In the copy of the lines below, leave out pictures and print everything else exactly.
##### Supplied information
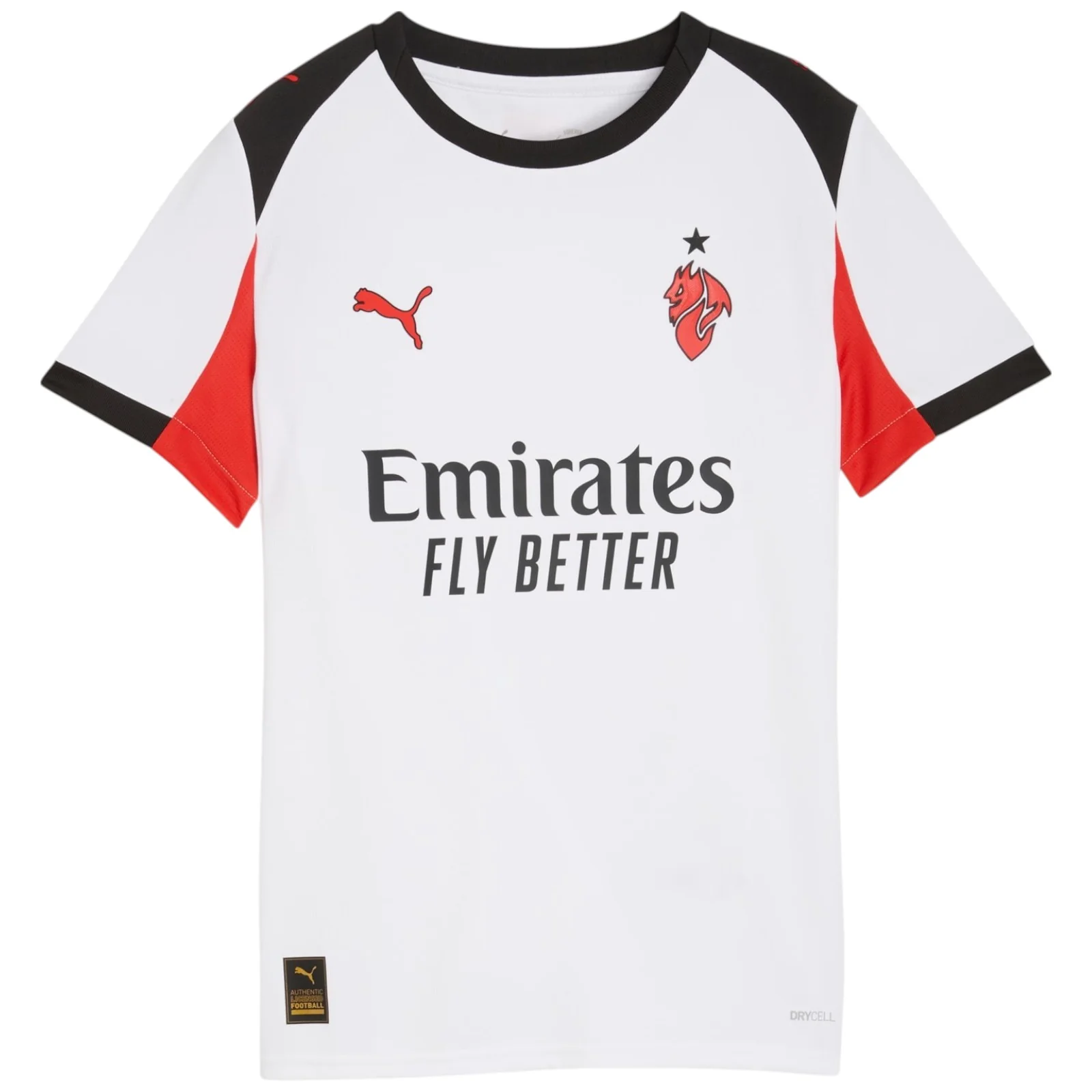 Puma AC Milan Football 2025/26 Kids SS Away Jersey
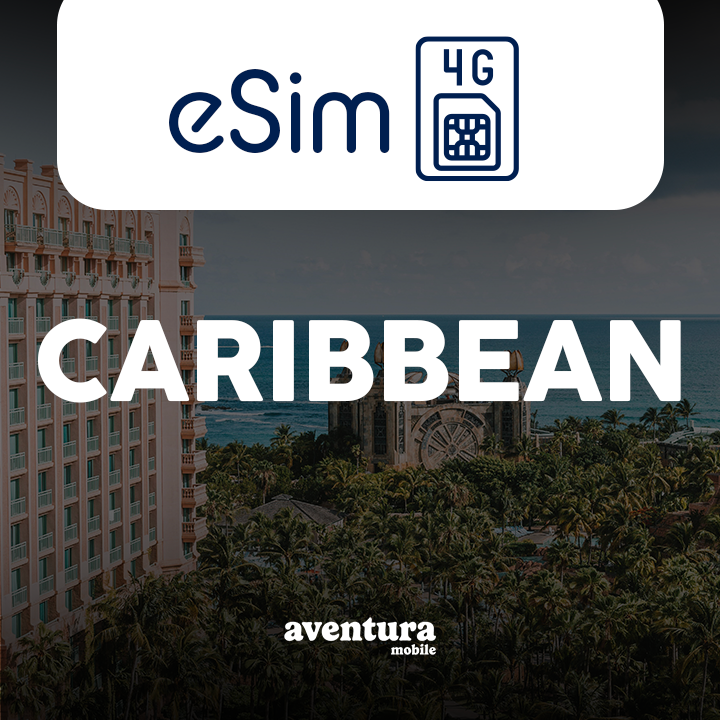 Caribbean+ eSIM Prepaid Data Plan
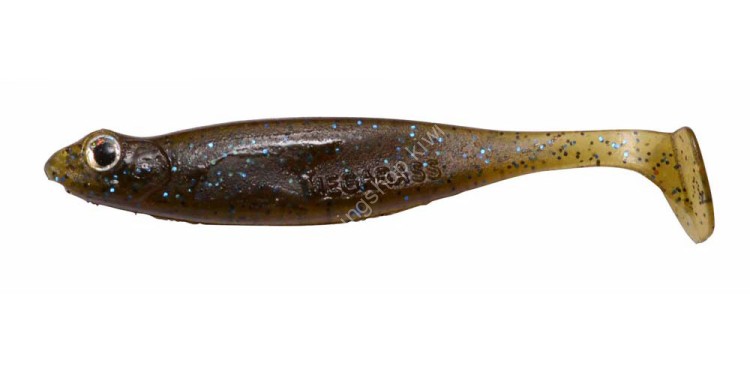 MEGABASS Hazedong Shad 3 (Vios Mineral) #Green Pumpkin Chart  (8pcs)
##########
*Reply to the exercise:*
 Puma AC Milan Football 2025/26 Kids SS Away Jersey
 Caribbean+ eSIM Prepaid Data Plan
 MEGABASS Hazedong Shad 3 (Vios Mineral) #Green Pumpkin Chart  (8pcs)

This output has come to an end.